Friday, April 15, 2011

When Will Amazon Choose Our Own Adventure?


This might be the paranoid data geek in me, but the first thing that came to mind when learning about Amazon's WhisperSync capability was the incredible data collection opportunity it presents. As it's advertised, WhisperSync is helpful to the Kindle user because it keeps your books in sync across multiple reading devices. Start a book on your Kindle, read to page 23, and put it down. Later while in line at the supermarket, open the Kindle app on your phone and it syncs to your last-read location, starting you right there on page 23.


Did you see what just happened?


For this to work, that means that every time you turn a page, a timestamped data point is logged and sent to Amazon. Over time, this means they amass an incredibly detailed reading profile of every Kindle/WhisperSync user. This profile would, presumably, extend beyond merely which books you read; the data will show which books you do or don't finish, and the relative speed with with you finish particular books, chapters, and sentences. General reading habits are there for the scraping too - are you a nighttime reader? Self-help books at lunch? Teen fiction on cross-country flights? Just as web cookies and advanced click tracking mechanisms have tilted the scales of web UX development from art towards science, WhisperSync brings an exciting new dimension to book retail.

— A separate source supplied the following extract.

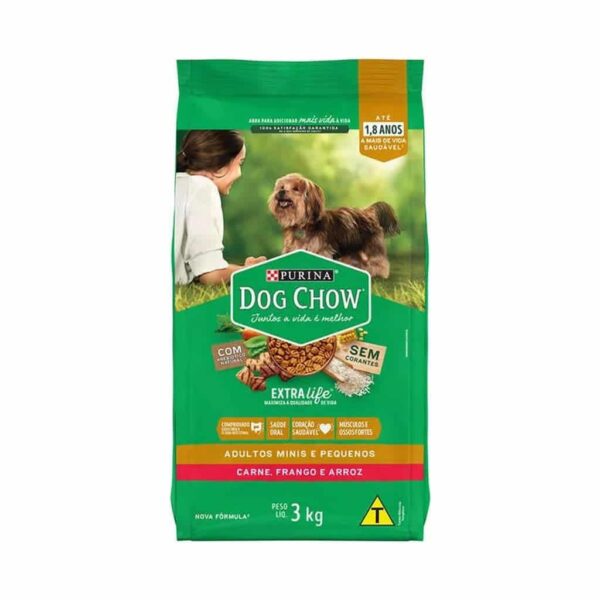 Ração Dog Chow Cães Adultos Carne e Frango Raças Minis e Pequenos Nestlé Purina 3kg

Of course, I don't presume to think that I'm the first person to realize this. Amazon has buildings full of ridiculously smart engineers and marketing types, and it's a safe bet that they're doing something more interesting with this data than simply reminding you what page you were on and then sending it to /dev/null. But since these hypothetical uses weren't detailed in the literature that came with my Kindle, I thought it would be fun to speculate on a few things that Amazon could do with a few billion page numbers and timestamps.


Product Suggestions


Amazon is already the king of this and they wouldn't necessarily advertise it if they were doing so, but the data on how vigorously you consume one book vs. another would go a long way towards recommending what you should read next.


Example: Carson Parsons is an avid reader of business books. Martin Smartypants has written a hot new book on management techniques, and Carson's purchase history combined with the popularity of the author would suggest that the book should go high on his list of recommendations. Should be a good match, right?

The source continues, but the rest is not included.